OOps, missed this 1. Good call by reviving it! I usually transfer to secondary at an SG of around 1.030 and remove any fruit between 7-10 days to make sure the fruit does not go bad. As far as the wine in secondary I typically wait till the wine is done fermenting then rack off as these lees arent as bad and can actually improve your wines mouthfeel and body. Fruit wines can ferment faster or slower and typically fruits that ferment slower are either caused by cooler temps or sometimes not enough food for the yeasties to eat. If you are at cooler temps then this can actually benefit your wine and let the fruit taste not be hidden so much by a fast fermentation. If its due to lack of nutrient then you might want to add some more nutrient to keep it plugging along. Some yeasts do require more nutrient then others such as red Star Montrachet and Lalvin RC 212. They have a tendency to throw off a sulfur smell when stressed due to lack of nutrient. Did you add both nutrient and energizer to these batches in the beginning? Nutrient and energizer are not the same thing so if you added 1 and not the other you may be starving your yeast of nitrogen or other nutrients that the yeast desperately needs to do its thing.

*Edited by: wade *


----------



## Doober (Aug 31, 2008)

i did add food and actually doubled the energizer on accident, just wasn't thinkin


----------



## Wade E (Aug 31, 2008)

Fruit wines almost always take a lot longer then a kit would so dont try and time it like a kit. As long as its fermenting dont worry.


----------



## Doober (Sep 3, 2008)

my blackberry has been in the primary for5 days and cleared nicely with the gross lees on the bottom and then the next day, there is a thick layer of what looks like jello and lees mixed together on the surface of the wine. This only happened in the smaller 1 gallon jugs. it doesn't smell bad. what can it be, and what should i do? i can get a picture on here later if you want.


----------



## Wade E (Sep 3, 2008)

I think a pic is needed for this. Did you use pectic enzyme as it sounds like pectin, if so was the enzyme fresh?


----------



## Doober (Sep 3, 2008)

here are the pics


----------



## Wade E (Sep 3, 2008)

Did you degas this wine good in all carboys. Im not sure if thats the problem but sometimes if not degassed well the gas will actually suspend all sediment at the top instead of sinking to bottom. Uther then that it could be pectin or even worse a bacteria forming from maybe not sanitizing your gallon jug well.


----------



## grapeman (Sep 3, 2008)

Did you rack that in the gallon jug last?

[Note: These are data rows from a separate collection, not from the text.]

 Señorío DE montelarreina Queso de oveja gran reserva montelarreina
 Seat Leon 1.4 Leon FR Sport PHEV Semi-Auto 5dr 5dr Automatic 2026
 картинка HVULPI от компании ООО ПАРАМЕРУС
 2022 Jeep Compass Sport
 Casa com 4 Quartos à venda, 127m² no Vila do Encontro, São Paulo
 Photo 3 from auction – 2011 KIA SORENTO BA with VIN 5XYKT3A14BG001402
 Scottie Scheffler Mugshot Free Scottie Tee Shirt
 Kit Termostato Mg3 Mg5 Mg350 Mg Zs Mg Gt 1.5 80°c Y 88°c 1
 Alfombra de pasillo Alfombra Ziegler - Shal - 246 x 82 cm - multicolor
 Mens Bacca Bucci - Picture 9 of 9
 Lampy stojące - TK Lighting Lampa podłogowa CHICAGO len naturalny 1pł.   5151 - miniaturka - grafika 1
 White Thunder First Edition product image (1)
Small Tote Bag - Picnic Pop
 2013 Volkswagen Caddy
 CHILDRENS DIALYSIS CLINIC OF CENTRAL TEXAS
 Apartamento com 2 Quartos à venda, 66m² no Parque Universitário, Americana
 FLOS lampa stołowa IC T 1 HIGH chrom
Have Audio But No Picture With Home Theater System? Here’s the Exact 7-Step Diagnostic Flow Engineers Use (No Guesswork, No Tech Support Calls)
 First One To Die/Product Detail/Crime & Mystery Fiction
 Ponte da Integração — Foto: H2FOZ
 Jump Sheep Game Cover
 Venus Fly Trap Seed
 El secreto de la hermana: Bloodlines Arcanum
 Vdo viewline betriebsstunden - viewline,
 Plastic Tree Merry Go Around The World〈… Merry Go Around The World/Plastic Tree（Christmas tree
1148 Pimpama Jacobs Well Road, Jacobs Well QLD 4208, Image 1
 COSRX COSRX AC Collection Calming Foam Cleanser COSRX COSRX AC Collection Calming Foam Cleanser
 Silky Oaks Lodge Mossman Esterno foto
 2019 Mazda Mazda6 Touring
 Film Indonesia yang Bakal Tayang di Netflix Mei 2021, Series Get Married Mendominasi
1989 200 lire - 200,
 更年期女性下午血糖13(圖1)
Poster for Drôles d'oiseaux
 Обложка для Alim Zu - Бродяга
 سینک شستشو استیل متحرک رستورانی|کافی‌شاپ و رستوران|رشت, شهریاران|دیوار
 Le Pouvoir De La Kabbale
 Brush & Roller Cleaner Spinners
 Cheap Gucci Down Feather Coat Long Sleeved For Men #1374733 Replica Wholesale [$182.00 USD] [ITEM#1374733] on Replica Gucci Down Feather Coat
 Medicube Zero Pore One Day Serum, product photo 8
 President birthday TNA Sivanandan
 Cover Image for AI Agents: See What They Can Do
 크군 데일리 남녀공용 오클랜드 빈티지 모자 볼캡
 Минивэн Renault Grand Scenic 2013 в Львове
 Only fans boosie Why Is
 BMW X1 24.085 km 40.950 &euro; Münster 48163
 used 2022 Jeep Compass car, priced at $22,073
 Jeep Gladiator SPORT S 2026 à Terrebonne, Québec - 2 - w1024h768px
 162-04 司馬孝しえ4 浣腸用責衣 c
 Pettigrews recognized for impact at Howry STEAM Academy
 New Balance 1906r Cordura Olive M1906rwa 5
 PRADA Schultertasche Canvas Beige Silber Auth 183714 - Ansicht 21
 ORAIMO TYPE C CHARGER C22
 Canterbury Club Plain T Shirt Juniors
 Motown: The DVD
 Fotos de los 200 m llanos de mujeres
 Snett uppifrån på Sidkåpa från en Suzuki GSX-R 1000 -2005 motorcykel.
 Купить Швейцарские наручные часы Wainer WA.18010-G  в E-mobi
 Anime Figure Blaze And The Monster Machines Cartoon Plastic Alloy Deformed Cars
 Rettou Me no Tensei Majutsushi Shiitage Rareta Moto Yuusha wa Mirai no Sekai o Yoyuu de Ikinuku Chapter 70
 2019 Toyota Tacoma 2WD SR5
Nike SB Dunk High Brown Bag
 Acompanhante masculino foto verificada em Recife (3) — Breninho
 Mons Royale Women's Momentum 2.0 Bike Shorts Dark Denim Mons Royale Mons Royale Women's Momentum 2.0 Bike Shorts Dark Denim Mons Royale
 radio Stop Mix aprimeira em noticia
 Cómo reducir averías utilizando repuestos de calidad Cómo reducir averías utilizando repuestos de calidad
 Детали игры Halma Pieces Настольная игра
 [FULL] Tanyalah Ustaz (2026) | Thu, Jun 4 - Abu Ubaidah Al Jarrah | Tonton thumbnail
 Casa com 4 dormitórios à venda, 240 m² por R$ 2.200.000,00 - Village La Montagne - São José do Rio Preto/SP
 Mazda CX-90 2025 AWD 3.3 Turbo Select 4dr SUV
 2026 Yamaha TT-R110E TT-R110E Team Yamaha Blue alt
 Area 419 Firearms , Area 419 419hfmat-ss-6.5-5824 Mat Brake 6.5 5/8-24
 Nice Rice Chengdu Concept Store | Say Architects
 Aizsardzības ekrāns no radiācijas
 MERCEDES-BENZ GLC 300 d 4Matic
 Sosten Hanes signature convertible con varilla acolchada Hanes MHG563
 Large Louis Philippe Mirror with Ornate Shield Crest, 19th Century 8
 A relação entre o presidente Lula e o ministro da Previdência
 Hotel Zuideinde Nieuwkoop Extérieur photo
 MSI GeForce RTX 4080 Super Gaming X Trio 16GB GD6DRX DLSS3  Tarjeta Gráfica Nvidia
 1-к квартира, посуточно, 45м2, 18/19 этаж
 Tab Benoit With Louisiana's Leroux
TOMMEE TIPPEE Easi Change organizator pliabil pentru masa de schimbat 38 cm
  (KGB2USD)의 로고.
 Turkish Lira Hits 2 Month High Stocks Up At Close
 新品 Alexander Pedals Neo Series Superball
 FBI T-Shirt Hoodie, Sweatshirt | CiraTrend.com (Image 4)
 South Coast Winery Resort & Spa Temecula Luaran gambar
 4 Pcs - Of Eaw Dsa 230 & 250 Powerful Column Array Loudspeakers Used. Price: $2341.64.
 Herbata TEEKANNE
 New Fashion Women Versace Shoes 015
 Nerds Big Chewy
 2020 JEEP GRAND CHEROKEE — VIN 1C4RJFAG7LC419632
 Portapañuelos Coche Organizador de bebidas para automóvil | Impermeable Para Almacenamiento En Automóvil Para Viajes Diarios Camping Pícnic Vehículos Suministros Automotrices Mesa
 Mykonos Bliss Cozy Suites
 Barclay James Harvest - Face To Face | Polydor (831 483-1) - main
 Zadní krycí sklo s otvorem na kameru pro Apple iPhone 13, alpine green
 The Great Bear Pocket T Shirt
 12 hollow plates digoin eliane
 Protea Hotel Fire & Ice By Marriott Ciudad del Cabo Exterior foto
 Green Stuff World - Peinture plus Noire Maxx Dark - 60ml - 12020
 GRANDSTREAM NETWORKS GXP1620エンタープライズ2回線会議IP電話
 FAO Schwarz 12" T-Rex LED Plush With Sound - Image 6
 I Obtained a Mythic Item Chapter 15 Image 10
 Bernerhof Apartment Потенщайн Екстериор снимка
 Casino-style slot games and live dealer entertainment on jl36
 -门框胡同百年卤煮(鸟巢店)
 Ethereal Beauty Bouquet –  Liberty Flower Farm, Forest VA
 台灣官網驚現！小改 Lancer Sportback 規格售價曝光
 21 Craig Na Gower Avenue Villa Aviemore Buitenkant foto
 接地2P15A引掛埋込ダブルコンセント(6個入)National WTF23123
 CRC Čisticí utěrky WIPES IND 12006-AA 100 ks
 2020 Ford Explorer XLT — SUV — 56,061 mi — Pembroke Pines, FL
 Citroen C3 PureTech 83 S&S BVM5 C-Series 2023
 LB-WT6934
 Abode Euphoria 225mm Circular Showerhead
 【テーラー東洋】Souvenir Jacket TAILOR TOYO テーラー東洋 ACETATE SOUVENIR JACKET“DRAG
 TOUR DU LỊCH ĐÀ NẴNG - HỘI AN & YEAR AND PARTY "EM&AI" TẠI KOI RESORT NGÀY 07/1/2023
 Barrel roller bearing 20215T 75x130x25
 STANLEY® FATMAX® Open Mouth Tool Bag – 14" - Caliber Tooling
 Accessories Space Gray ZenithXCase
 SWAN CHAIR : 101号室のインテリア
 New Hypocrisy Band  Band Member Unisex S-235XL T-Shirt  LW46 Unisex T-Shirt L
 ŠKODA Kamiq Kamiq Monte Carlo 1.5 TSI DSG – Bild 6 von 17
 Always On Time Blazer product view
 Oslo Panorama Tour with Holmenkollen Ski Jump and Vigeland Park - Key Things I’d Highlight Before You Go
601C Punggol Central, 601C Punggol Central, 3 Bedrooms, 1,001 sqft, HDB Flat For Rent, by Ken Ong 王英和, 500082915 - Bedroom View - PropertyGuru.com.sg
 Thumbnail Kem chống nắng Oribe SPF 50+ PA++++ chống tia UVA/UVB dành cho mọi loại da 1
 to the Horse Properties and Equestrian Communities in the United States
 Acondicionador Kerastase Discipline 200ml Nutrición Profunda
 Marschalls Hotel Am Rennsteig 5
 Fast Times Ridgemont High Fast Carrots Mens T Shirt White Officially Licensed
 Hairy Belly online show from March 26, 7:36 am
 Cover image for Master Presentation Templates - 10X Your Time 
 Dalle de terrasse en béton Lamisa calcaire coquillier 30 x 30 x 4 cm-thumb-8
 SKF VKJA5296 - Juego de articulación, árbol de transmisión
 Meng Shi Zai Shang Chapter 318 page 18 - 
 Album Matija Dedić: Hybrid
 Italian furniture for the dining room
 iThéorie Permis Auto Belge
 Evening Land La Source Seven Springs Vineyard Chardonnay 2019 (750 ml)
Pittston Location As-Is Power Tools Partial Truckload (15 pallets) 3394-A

It may just be pulp left from the blackberry that is floating from suspended C02.


----------



## Doober (Sep 3, 2008)

there are 2 jugs and a wine bottle that are like this. i cleaned, scrubed, and sanitized them all. they were the last containers that i racked into.


----------



## Wade E (Sep 3, 2008)

Im guessing that it is racked sediment that is stuck in suspension from C02. Try degassing which will stir it up and then it should settle at the bottom.


----------



## Doober (Sep 3, 2008)

ill try that


----------



## Doober (Sep 4, 2008)

the "pulp" settled and know it happened in the large carboy but i stirred that too. should i top up the carboy and jugs now or wait till fermentation has ended? if so, should i rack the smaller bottles and use that to top up?


----------



## Wade E (Sep 4, 2008)

I would wait till it is done fermenting and must say that I thought it was done fermenting or I would not have even worried about it as fermentation does that, sort of like a lava lamp. Let it finish fermenting then rack off sediment and top up then. At that point you will either want to add fining agents which will require a little haed space for degassing 1st and then for the fining agents to fit in or you could just let time do its thing which will still require degassing for it to settle at the bottom.


----------



## Doober (Sep 4, 2008)

thanks again wade


----------



## Guest (Sep 7, 2008)

Doober:


For future reference, you can search out these postings by fruitfor other peoples postings on how their wines went.
This will often times save you time and anxiety by reading about other peoples mistakes before you make them all over again.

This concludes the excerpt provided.